(The data)

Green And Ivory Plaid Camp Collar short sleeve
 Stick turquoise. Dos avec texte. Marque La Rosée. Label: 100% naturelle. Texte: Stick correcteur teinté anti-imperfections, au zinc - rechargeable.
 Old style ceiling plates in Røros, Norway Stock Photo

(End The data)

◆ **The task**:
Everything in the listing above should be duplicated exactly.

◆ **Reply to the exercise**:
Green And Ivory Plaid Camp Collar short sleeve
 Stick turquoise. Dos avec texte. Marque La Rosée. Label: 100% naturelle. Texte: Stick correcteur teinté anti-imperfections, au zinc - rechargeable.
 Old style ceiling plates in Røros, Norway Stock Photo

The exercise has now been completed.